Science

SpaceX Prepares for Next Falcon 9 Launch on May 4 

The next rocket launch is will be very, very early.

by Kastalia Medrano
Getty Images

It’s been a pretty solid year for SpaceX thus far, what with all the successful launches and landings and inflatable-room delivering. Now, the company prepares to send its Falcon 9 rocket into orbit yet another time.

SpaceX representative Philip Larson confirmed to Inverse that the launch will take place May 4, in a two-hour window beginning at 1:22 a.m. EST. Neither SpaceX nor the Air Force was previously able to confirm the official launch date, which was rumored to be May 3.

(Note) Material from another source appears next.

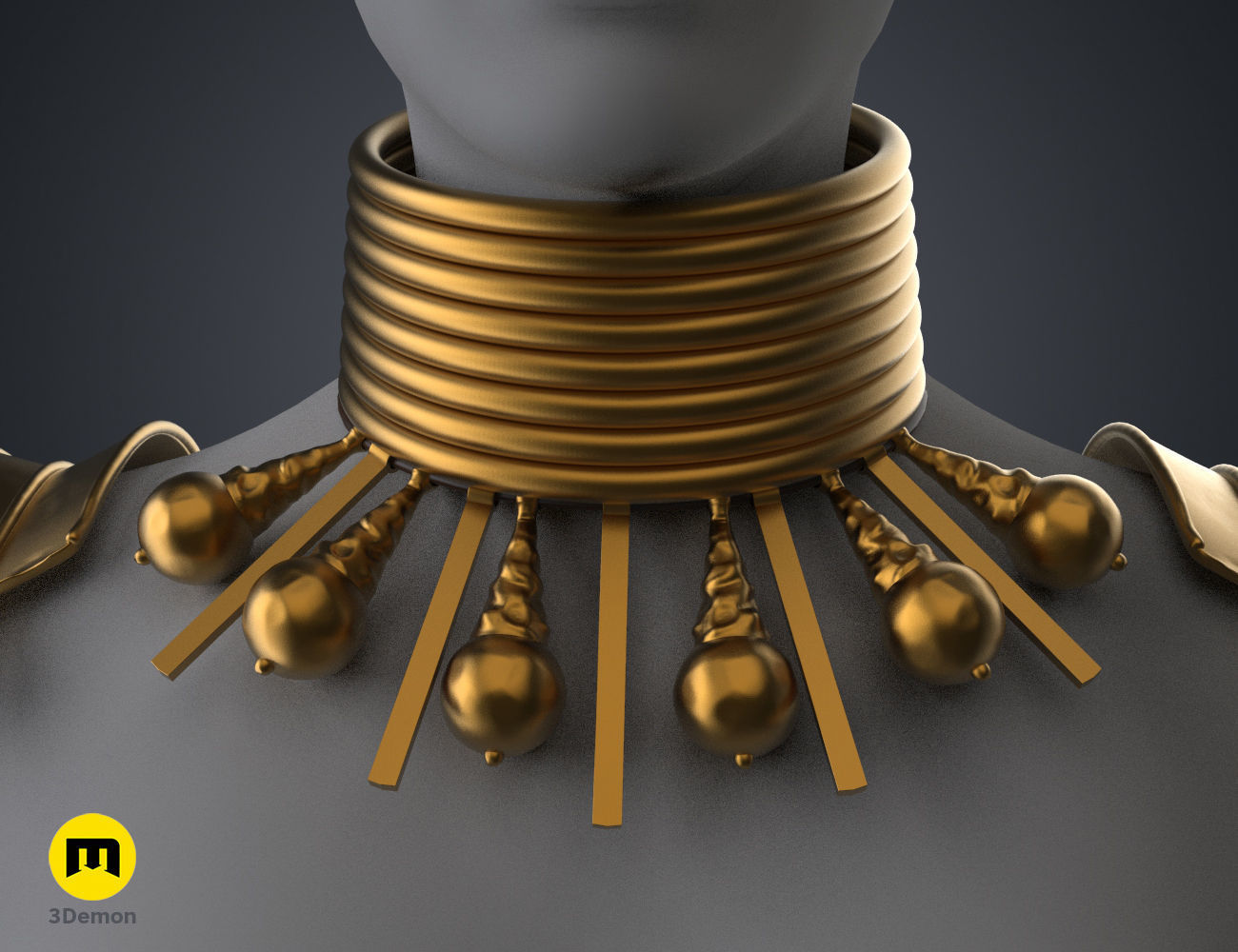 Dora Milaje Armor and Accesories - Black Panther 3D print model_24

SpaceX will reportedly attempt to land the first stage of the rocket on a barge — dubbed the “droneship” — in the ocean, similar to the historic landing on April 8, which was the first successful landing.

The purpose of the launch will be to put a Japanese communications satellite into orbit, according to the Florida Times. The satellite, JCSAT-14, is designed to provide telecommunications services to the Asia-Pacific region for approximately the next 15 years.

SpaceX has had its work cut out for it keeping up with rival Blue Origin, which has also had a banner few months in terms of successful launches and landings.

It’s a pretty tight race between Elon Musk’s SpaceX and Jeff Bezos’s Blue Origin, and accordingly there has been much Twitter beef between the two CEOs. The other big name in private spaceflight is still Virgin Galactic, but it’s been a bit less showy lately than the other two. SpaceX tends to have the biggest successes — and NASA contracts — but has also seen some spectacular crashes. Meanwhile Blue Origin is steadily working toward taking people to sub-orbital space by 2018 and developing its BE-4 engine, which will end the United States’s reliance on Russian-made engines.

If successful, this upcoming launch would go a long way toward proving that SpaceX’s methods are reliable and duplicable, and that the April 8 landing was no fluke.